Maroc

Des architectes dénoncent l’injustice et appellent à sauver leur profession.

Un colloque scientifique intitulé « L’urbanisme et son impact sur l’environnement » a été organisé par le Syndicat national des architectes privés (SNAP) pour débattre des contraintes de la profession d’architecte au Maroc. Les participants ont appelé à une révision globale du cadre juridique régissant la profession afin de garantir la protection des droits des professionnels et d’améliorer leur rôle dans le processus d’urbanisme.


Un colloque scientifique a récemment été organisé par le Syndicat national des architectes privés (SNAP) sur le thème : « L’urbanisme et son impact sur l’environnement ». Cet événement a offert aux architectes l’occasion de discuter des contraintes de leur profession, des dysfonctionnements dans le secteur de l’urbanisme et de l’aménagement urbain, et de faire état de la crise que traverse la profession d’architecte au Maroc. Les participants ont lancé un appel urgent pour une réforme, dénonçant ce qu’ils qualifient d’« injustice juridique » et insisté sur la nécessité de réhabiliter le rôle des architectes.

Les interventions des professionnels et experts ont mis en avant des déséquilibres structurels qui affectent le secteur, tels que le cadre juridique insuffisant, l’absence de conditions de concurrence loyale et le déclin du rôle de l’architecte dans le processus d’urbanisme. Cette situation a souvent réduit la fonction de l’architecte à une simple validation de plans, sans véritable implication dans le suivi et l’exécution des projets.

Hassan El Menjra, président du Syndicat national des architectes, a souligné que la profession fait face à des défis sans précédent qui menacent son rôle central dans le développement urbain. Il a précisé que le manque d’une protection juridique efficace ouvre la porte à des pratiques dégradantes pour la profession, menaçant la dignité de l’architecte dans un contexte de désordre et de chevauchement non régulé des compétences.

Il a également affirmé que se limiter à la validation des plans, sans permettre aux architectes d’assurer le suivi des travaux, est une des plus évidentes formes d’injustice professionnelle. Cette situation a des répercussions non seulement sur le statut des architectes, mais met aussi en danger la qualité des projets et la sécurité des constructions, menant à une marginalisation de leur rôle.

Ali Gassous, vice-président du syndicat, a évoqué le désordre dans le secteur, causé par une faiblesse des mécanismes de contrôle et un manque de rigueur dans l’application des lois. Il a noté que de nombreux projets sont réalisés sans respecter les normes techniques, ce qui affecte le paysage urbain et pose des risques pour la sécurité des citoyens.
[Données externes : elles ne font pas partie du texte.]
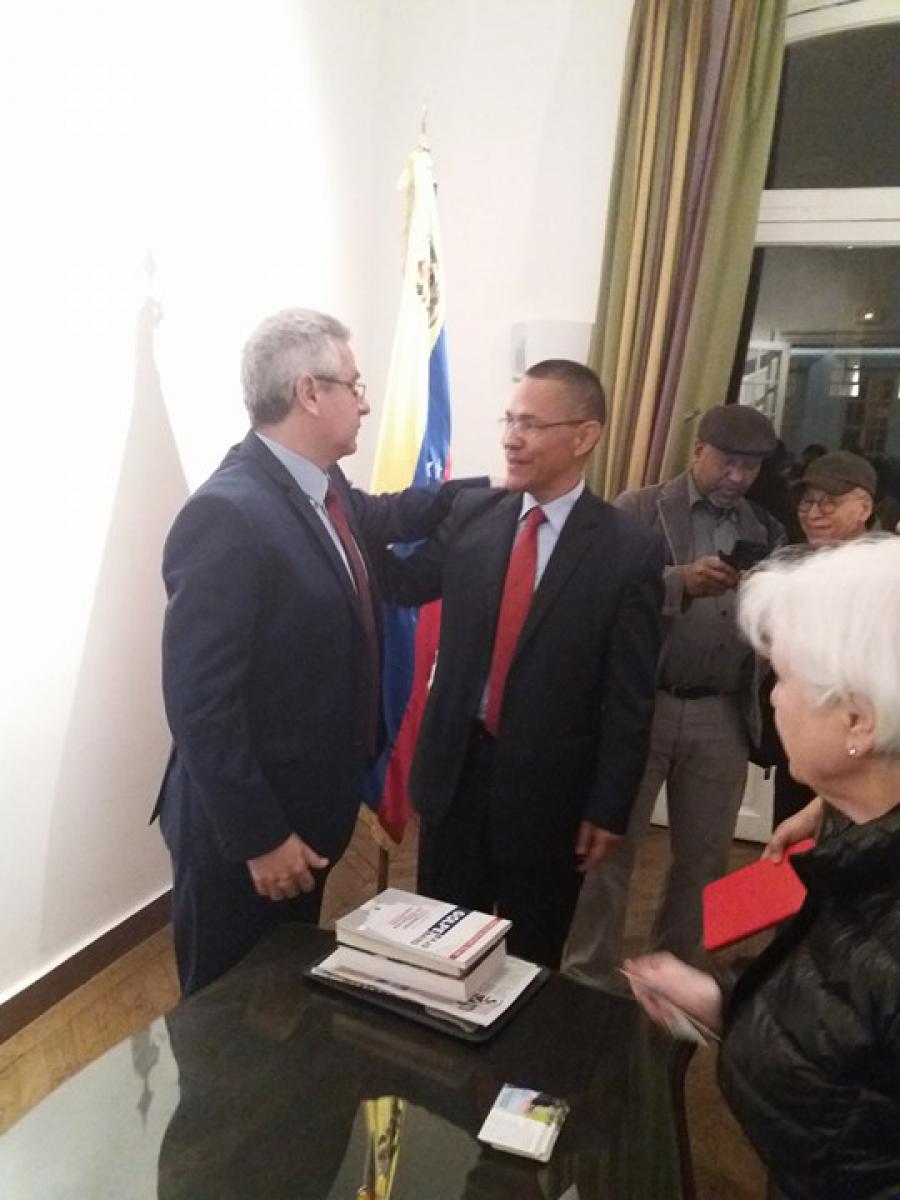 Participa Embajador de Cuba, Elio Rodríguez, en conferencia ofrecida por el Ministro del Poder Popular para la Cultura de Venezuela, Ernesto Villegas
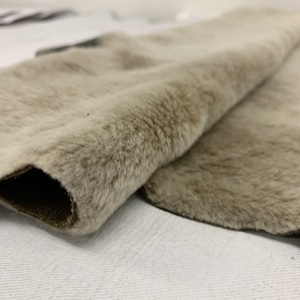 ムートン　羊の毛皮　M4-024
Gassous a apporté des exemples concrets de la réalité professionnelle, montrant l’ampleur des défis auxquels les architectes sont confrontés, tant dans les administrations publiques que dans le secteur privé. Il a insisté sur l’absence d’égalité des chances et la persistance de discriminations professionnelles qui soulèvent des inquiétudes quant à l’avenir de la profession au Maroc.

Le colloque a également abouti à plusieurs recommandations, la première étant une révision complète du cadre juridique régissant la profession d’architecte pour protéger les droits des professionnels et renforcer leur position dans le domaine de l’urbanisme. Les participants ont souligné la nécessité d’un suivi des chantiers par les architectes, condition essentielle pour garantir la qualité des constructions et la sécurité des projets.

De plus, les intervenants ont appelé à renforcer les mécanismes de contrôle et de responsabilité, à mettre fin à l’état de laxisme dans le secteur, et à lutter contre les pratiques qui marginalisent les compétences nationales au profit de solutions rapides, au détriment de la qualité et des normes professionnelles.

Le colloque a également mis en lumière les conséquences néfastes du statu quo, qui affecte non seulement la profession d’architecte, mais également la qualité de vie urbaine et l’équilibre environnemental et territorial. Les participants ont unanimement affirmé que la réhabilitation de l’architecte est fondamentale pour un développement urbain durable, basé sur la qualité, l’innovation et le respect des normes.

En somme, les architectes ont exprimé leur espoir que le gouvernement et le Parlement répondent favorablement à leurs revendications, arguant que la situation actuelle nécessite des décisions audacieuses pour restaurer la confiance et remédier aux dysfonctionnements. Ils ont averti que l’inaction ne ferait qu’aggraver la crise et conduire à plus de dérives dans ce secteur crucial pour la sécurité et le bien-être des citoyens.